__Problem details__:
Each entry is to be given again precisely, and no picture may be carried over.

Caption-style text data
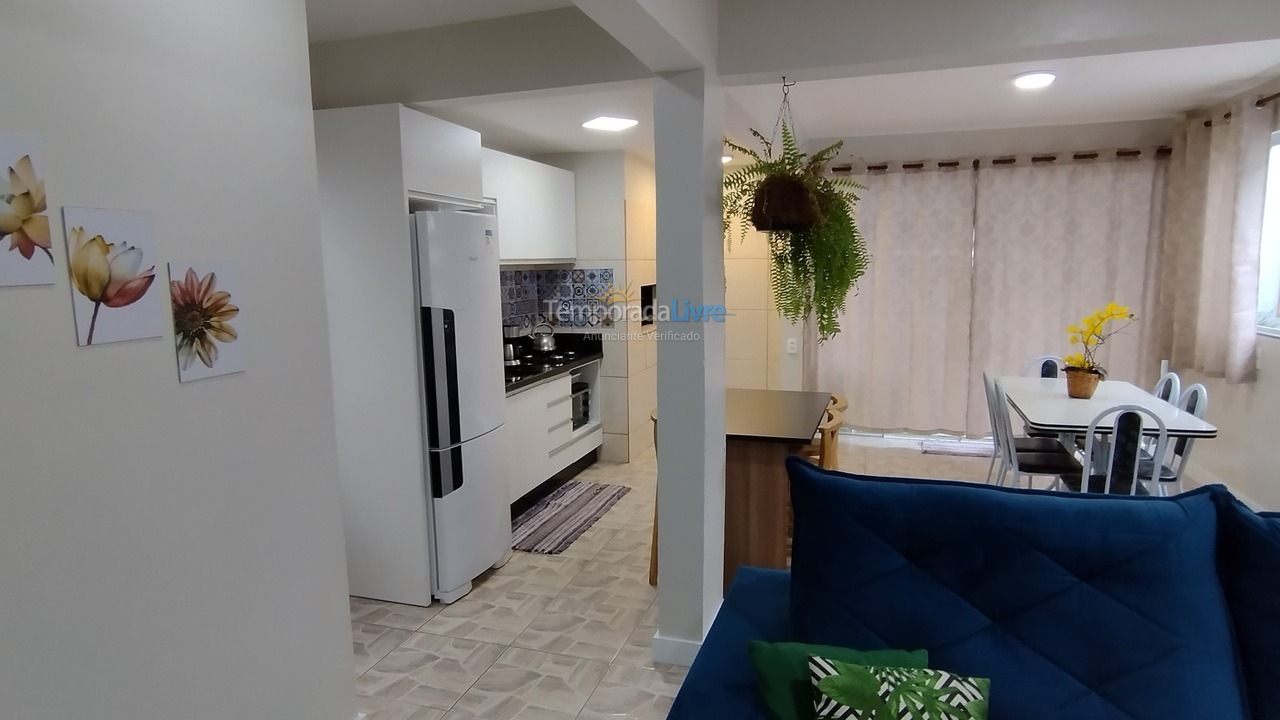 House for vacation rental in Florianopolis (Canasvieiras)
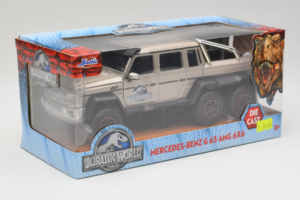 Mercedes AMG G63 6x6 Jurassic World Jada 1:24 97080 Fém – 2. kép a 3-ből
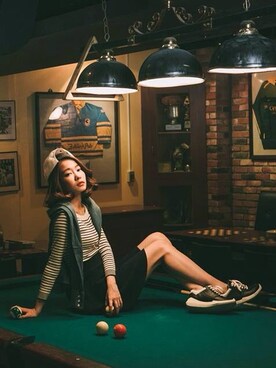 楊又穎Cindyさんのコーディネート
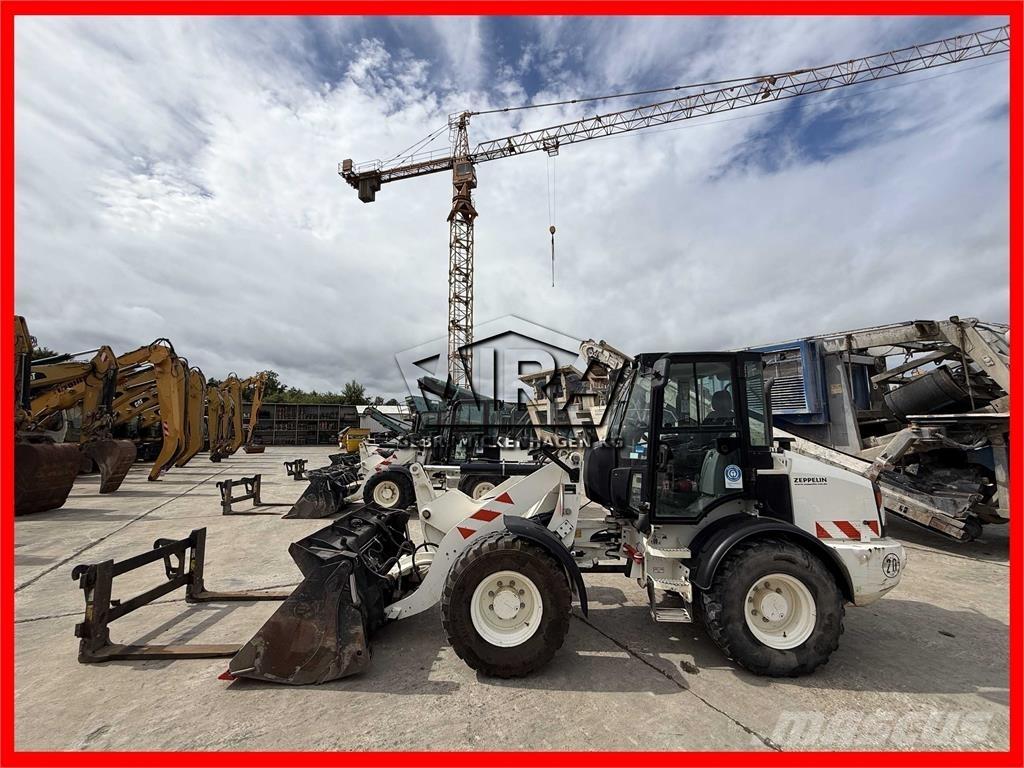 CAT 908 M Pale gommate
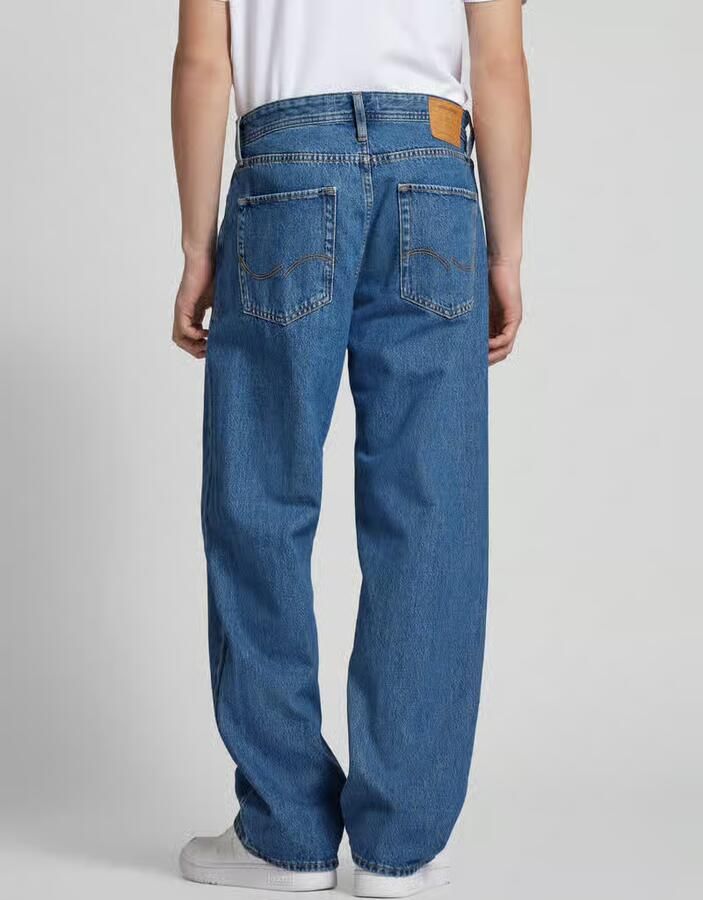 JACK & JONES JEANS INTELLIGENCE JJIALEX JJORIGINAL baggy jeans blue denim - Foto 2
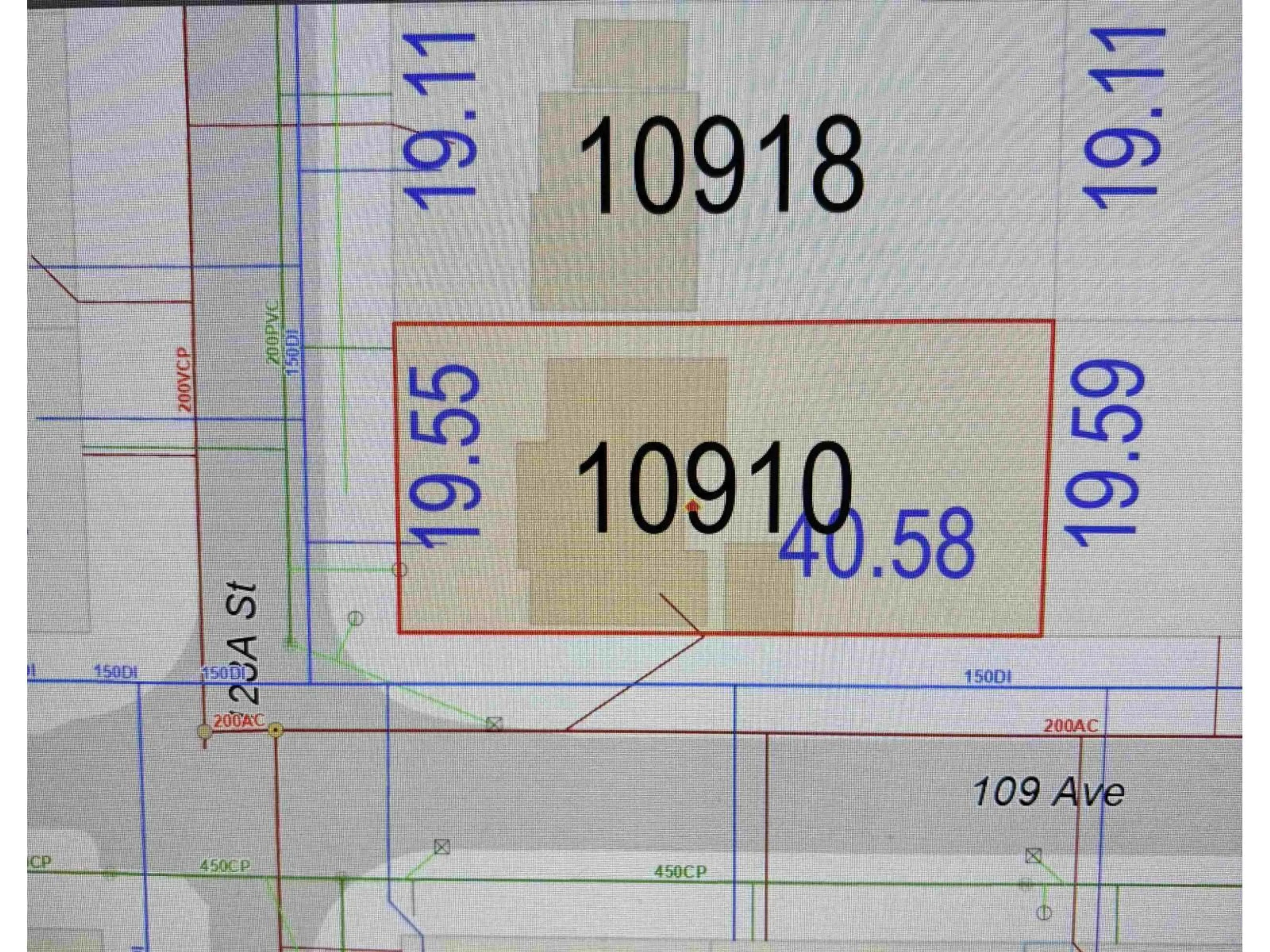 Picture of a map for 10910 128A STREET, Surrey British Columbia V3T3G2
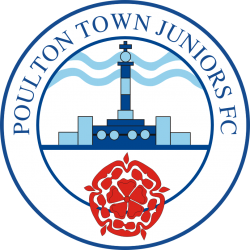 Poulton Town Juniors FC badge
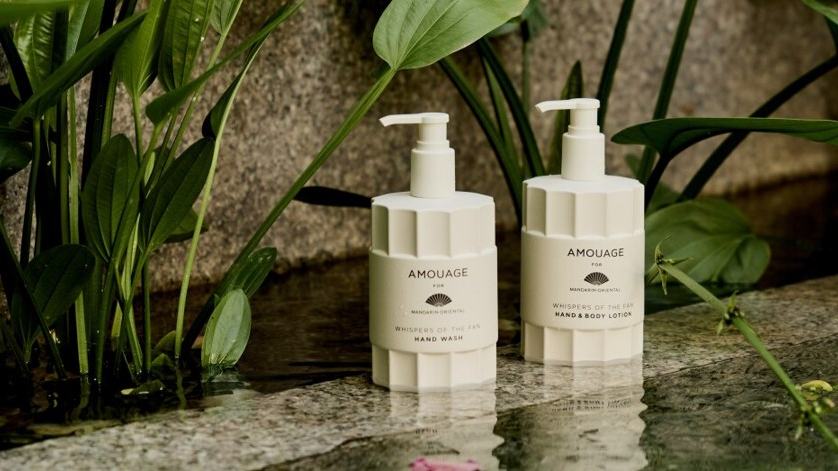 Mandarin Oriental Creates Hotel Fragrance with Amouage — official Mandarin Oriental Hotel Group / Amouage image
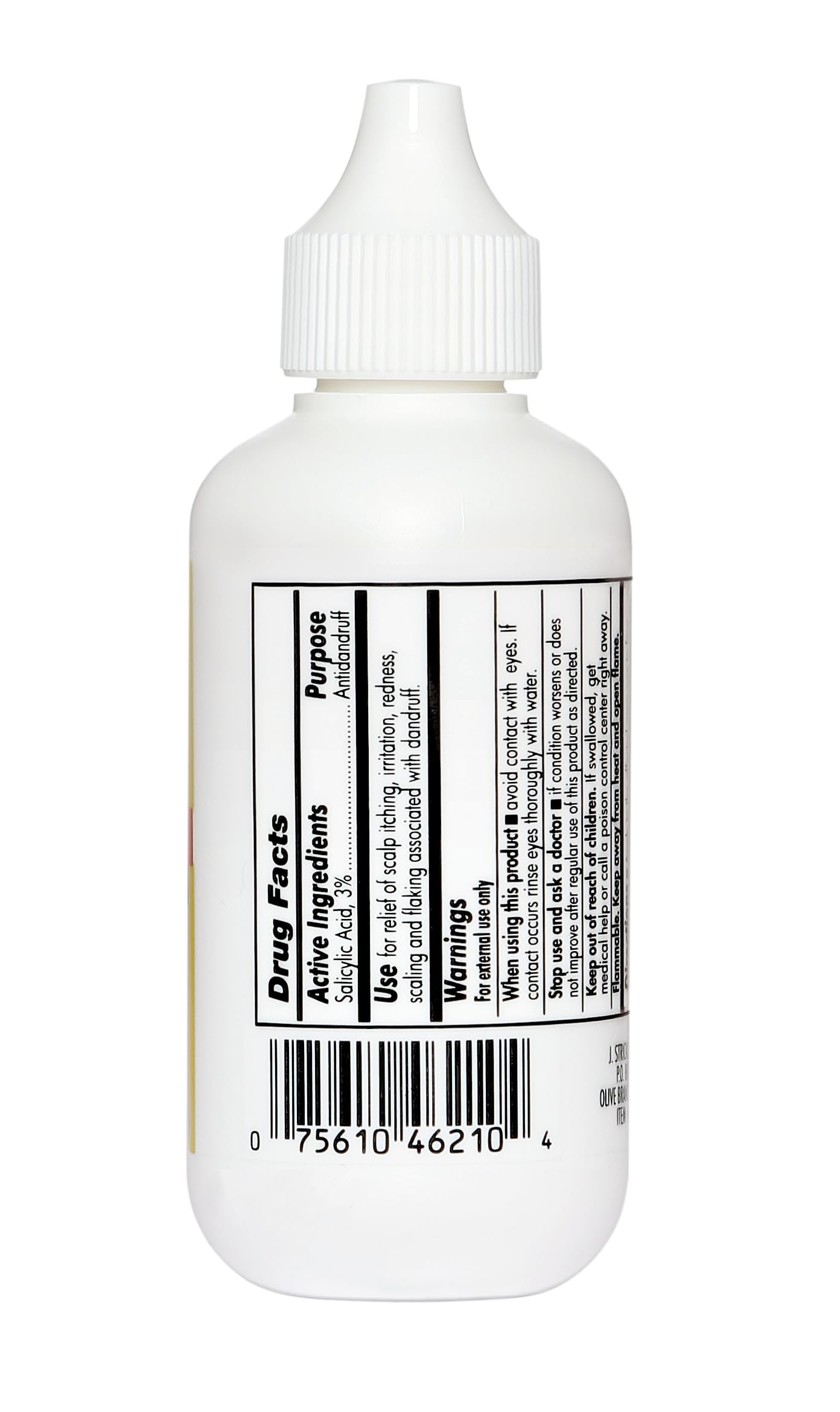 SULFUR8 Loc Twist & Braid scalp application through braids to calm itch.
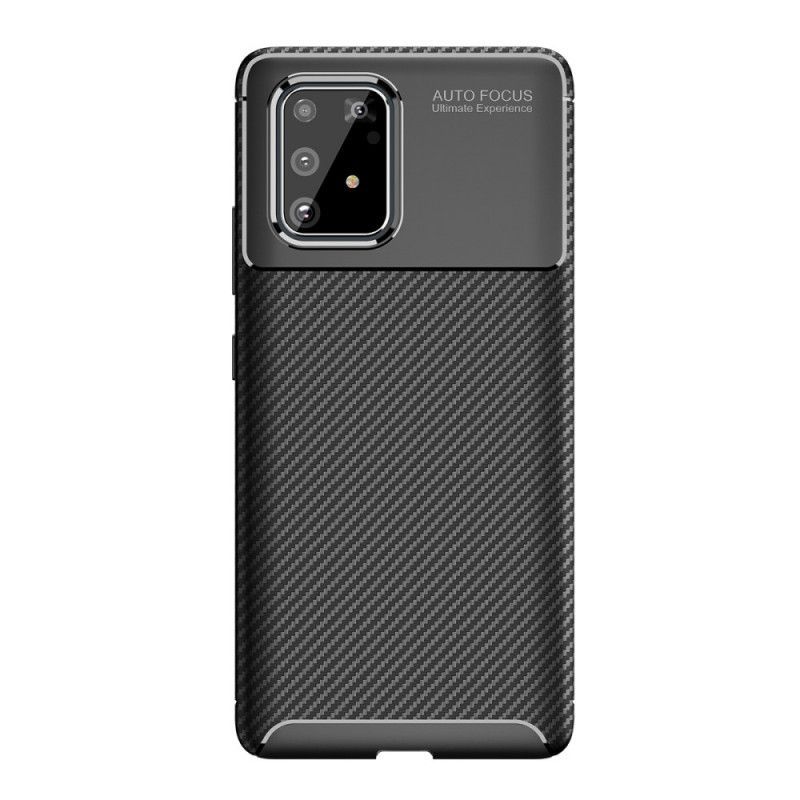 Kryt Samsung Galaxy S10 Lite Flexibilní Textura Uhlíkových Vláken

__Response to this task__:
 House for vacation rental in Florianopolis (Canasvieiras)
 Mercedes AMG G63 6x6 Jurassic World Jada 1:24 97080 Fém – 2. kép a 3-ből
 楊又穎Cindyさんのコーディネート
 CAT 908 M Pale gommate
 JACK & JONES JEANS INTELLIGENCE JJIALEX JJORIGINAL baggy jeans blue denim - Foto 2
 Picture of a map for 10910 128A STREET, Surrey British Columbia V3T3G2
 Poulton Town Juniors FC badge
 Mandarin Oriental Creates Hotel Fragrance with Amouage — official Mandarin Oriental Hotel Group / Amouage image
 SULFUR8 Loc Twist & Braid scalp application through braids to calm itch.
 Kryt Samsung Galaxy S10 Lite Flexibilní Textura Uhlíkových Vláken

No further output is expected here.